To learn about the program, we reached out to our peer organization Bikemore; Executive Director Liz Cornish and Policy Director Jed Weeks then agreed to host us for a day-long fact-finding trip. Our group included Councilman Mark Squilla, PA State representatives Mike Carroll of Scranton and Sara Innamorato of Pittsburgh and State Bicycle and Pedestrian Coordinator Roy Gothie.
We began our trip at Bikemore’s office in Central Baltimore, situated along Maryland Avenue, the City’s 3 mile showcase protected bike lane from the Inner Harbor to Wyman Park Dell just south of Johns Hopkins University.

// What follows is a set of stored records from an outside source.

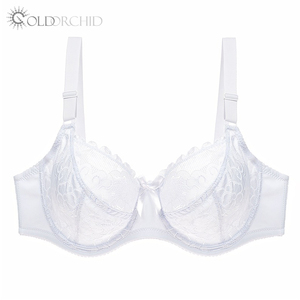 Sujetador <span class=keywords><strong>Sexy</strong></span> y Cómodo para Mujeres Gorditas, Blanco, con Relleno Fino, Talla Grande, Copas D y E - Product Image 1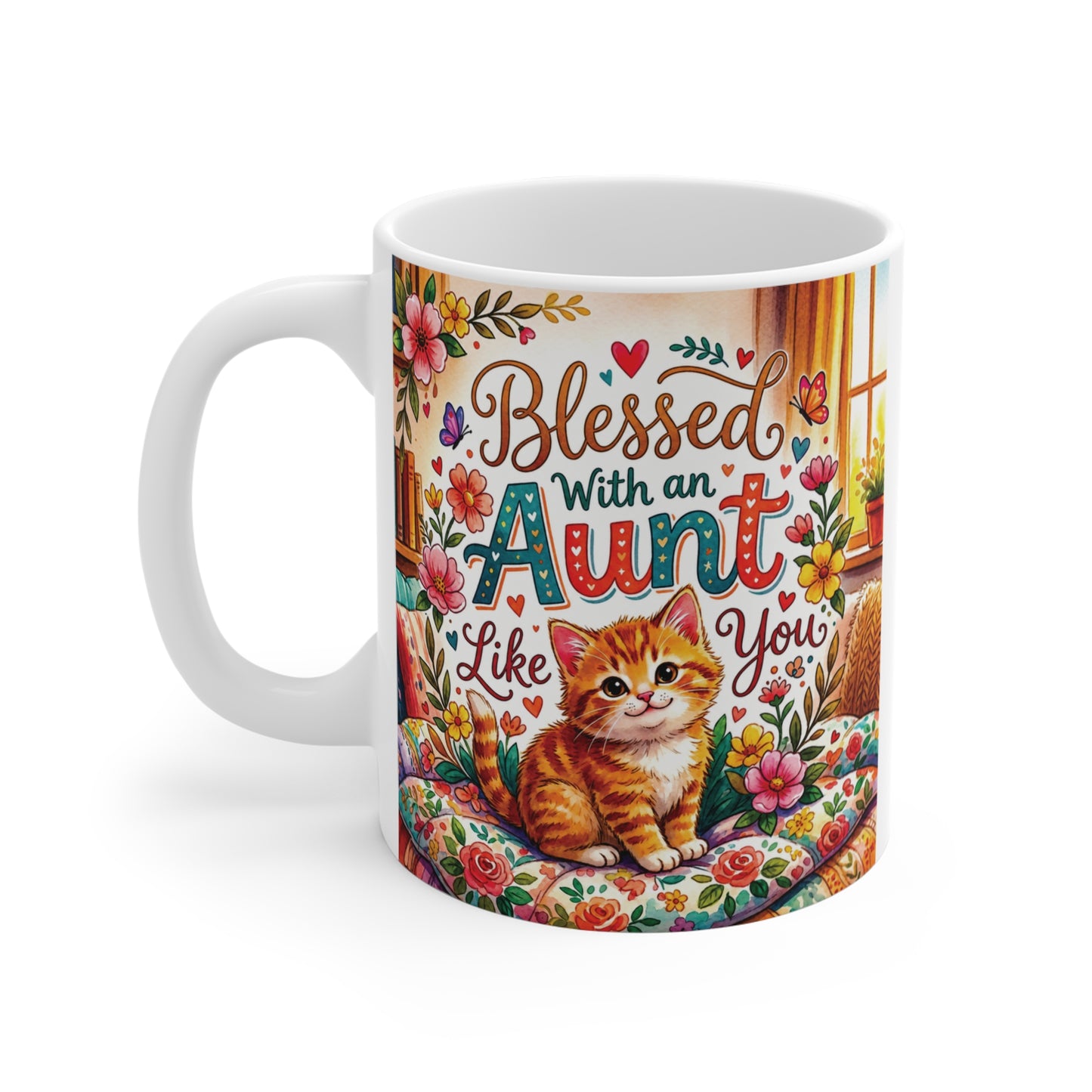 Adorable orange kitten aunt mug with flowers and cozy design, 11oz coffee cup for cat lovers and aunt appreciation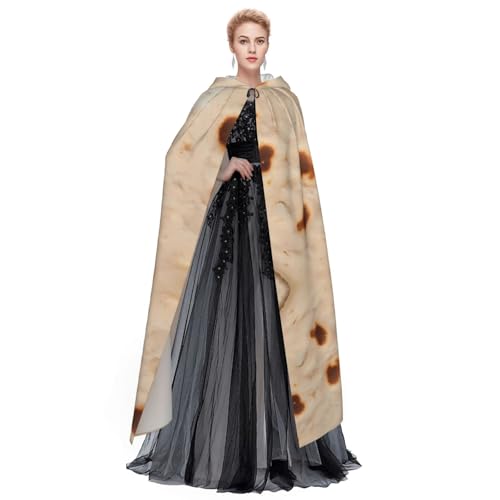 Qewfoju Tortilla Pattern Unisex Hooded Cloak Costume Cape for Halloween Vampire Witch Cosplay Wizard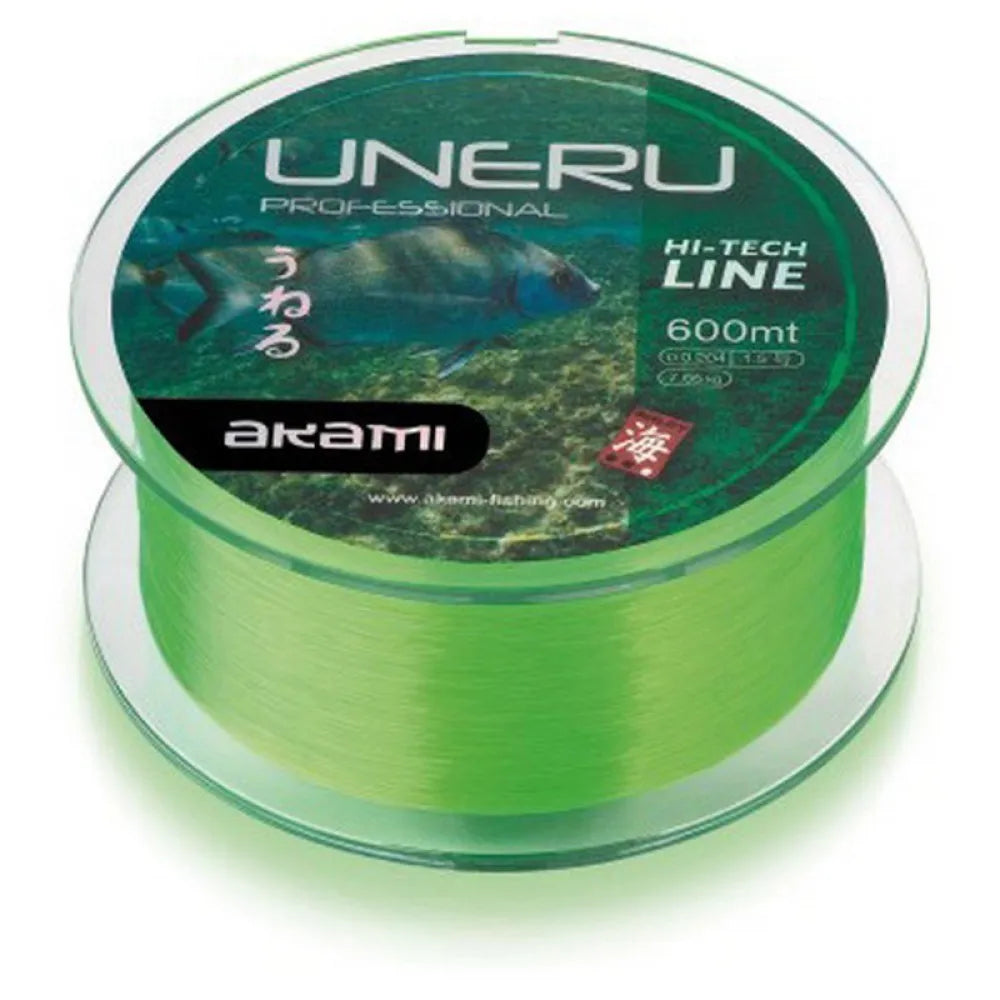 Akami Uneru 600M – Monofilamento Surfcasting Fluo Green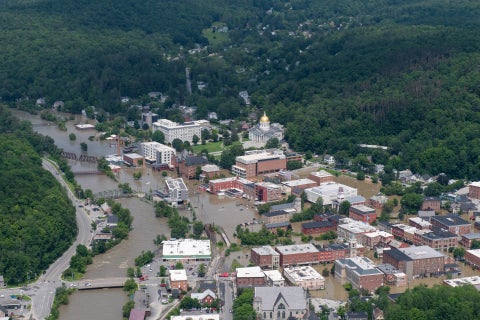 Aerial view of the Capital of Vermont showing flooded streets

We then traveled to the East Inner Harbor where got to test out the Lime Scooters and heard from a bike and scooter commuter at Exelon who talked about how her company addressed this new transport mode. We then went to the Baltimore offices of Ballard Spahr for lunch with some of the City’s shared mobility leaders.
The absence of bicycles in the study did not go unnoticed. In August, Baltimore cancelled its troubled docked bike share program, at the same time Lime and other dockless providers have cut back bike deployment in favor of the more-popular scooters.
We heard from Jon Laria, Chair of the Mayor’s Bicycle Advisory Commission, who stated that Baltimore has lots to learn from Philadelphia with the success of Indego and they were hoping that we can host their group in the future. Megan Young, Baltimore’s Shared Mobility Coordinator, noted that there are many people who prefer bikes over scooters said that the City will ensure that there will be incentives for firms to include e-bikes in their permit applications. Baltimore Councilman Leon Pinkett spoke about how shared mobility improves the low cost transportation choices needed for the residents of his district.
At the end of the day we got to question representatives of Lime and Bird and ultimately the issue of charging came up and how do they contract out this work (interesting that they brand people with similar jobs: Bird simply calls them “Chargers” although they were formally referred to as “Bird Hunters”, while Lime calls them “Juicers”).
Like Philadelphia, Baltimore’s bicycle network faces political challenges.
On March 30th, late on a Friday, Mayor Pugh ordered the removal of the City’s other protected bike lane on Roland Parkway due to strong opposition from the Roland Park Civic League. Last year, a Baltimore firefighter was arrested for assaulting an employee of the City’s Planning department at a public bike lane meeting.
We are indebted to Baltimore Councilman Leon Pinkett; and Jon Laria, Chair of the Mayor’s Bicycle Advisory Commission; and Liz Cornish and Jed Weeks of Bikemore; for organizing the day and for welcoming us by giving their time on Monday to share with us their experience with dockless scooters. Maggie Gendron and Shari Shapiro at Lime, Monica Laufer at Bird, were also there to offer information about the companies’ work. A special thanks to Jon Laria for hosting us for lunch at his Ballard Spahr office.